_Task objective:_
For this exercise, copy exactly every line from the one holding "Two-Piece White Cotton Set with Embroidery" through the end of the data, both included. Omit pictures.

*** Source material

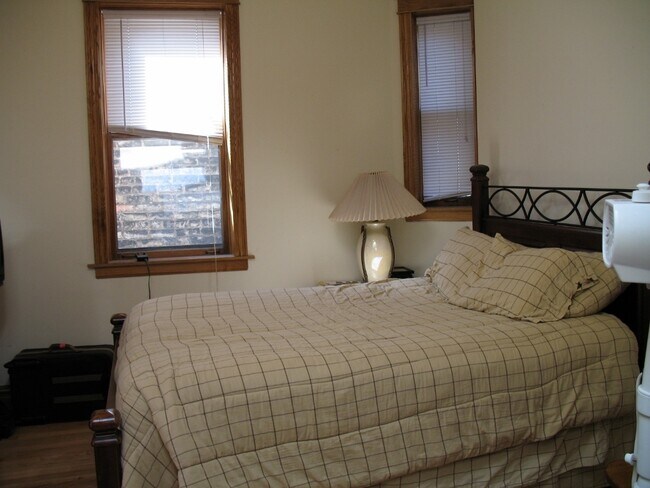 Foto del edificio - 713 W Wrightwood Ave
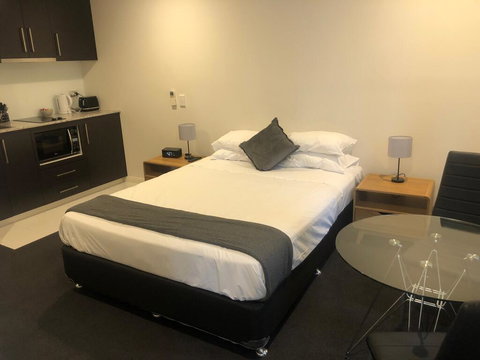 Station House Hotel - Dalby Accommodation 0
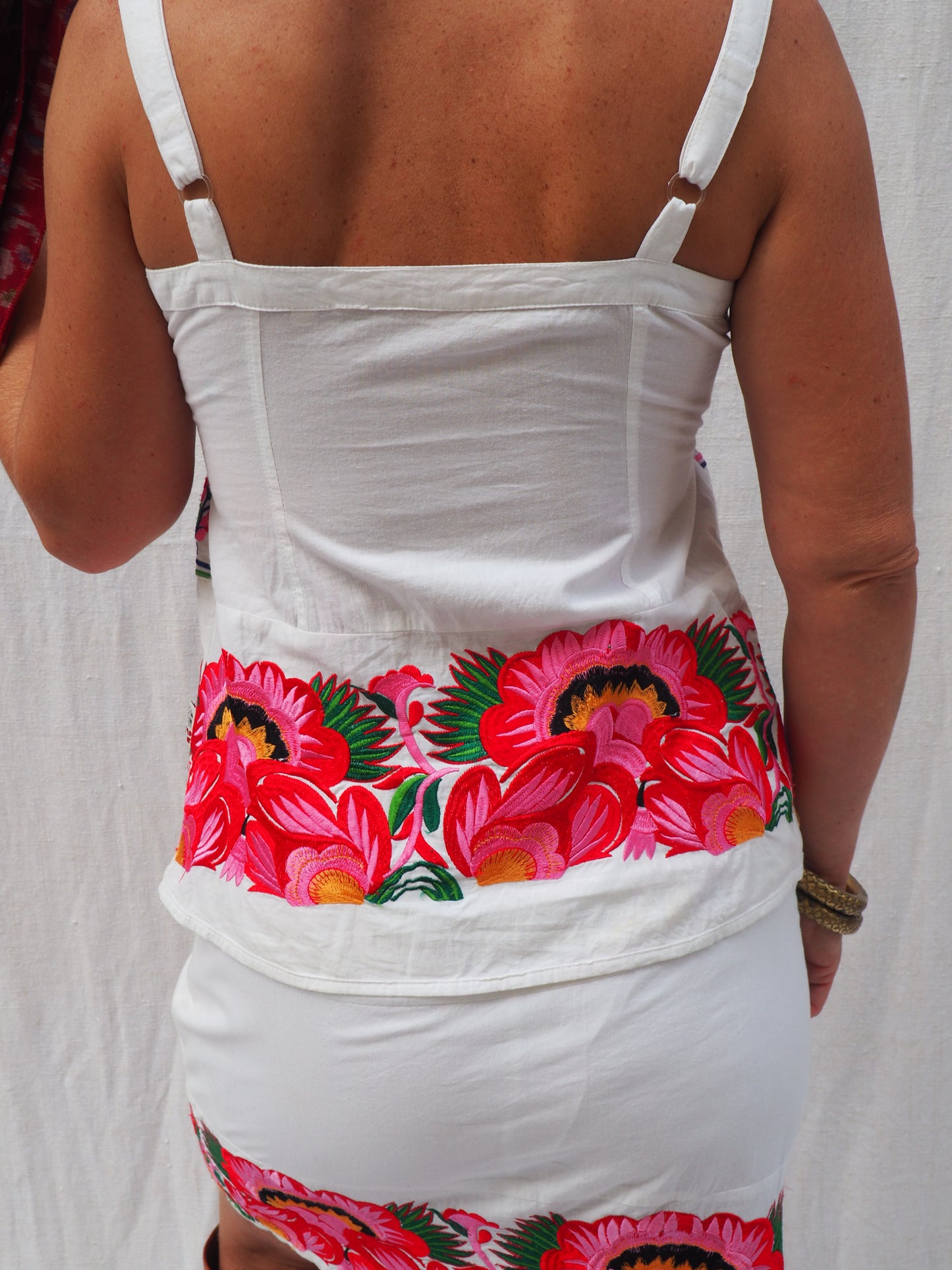 Two-Piece White Cotton Set with Embroidery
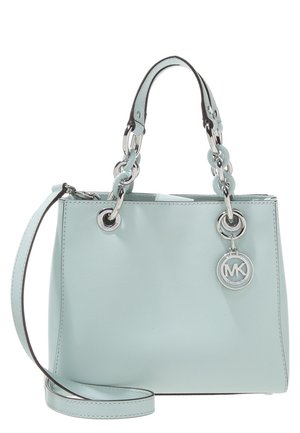 Sac à main Michael Kors bleu clair avec double poignée comportant des maillons de chaîne et un charm rond avec le logo MK, plus une longue bandoulière.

******

_Your solution:_
 Two-Piece White Cotton Set with Embroidery
 Sac à main Michael Kors bleu clair avec double poignée comportant des maillons de chaîne et un charm rond avec le logo MK, plus une longue bandoulière.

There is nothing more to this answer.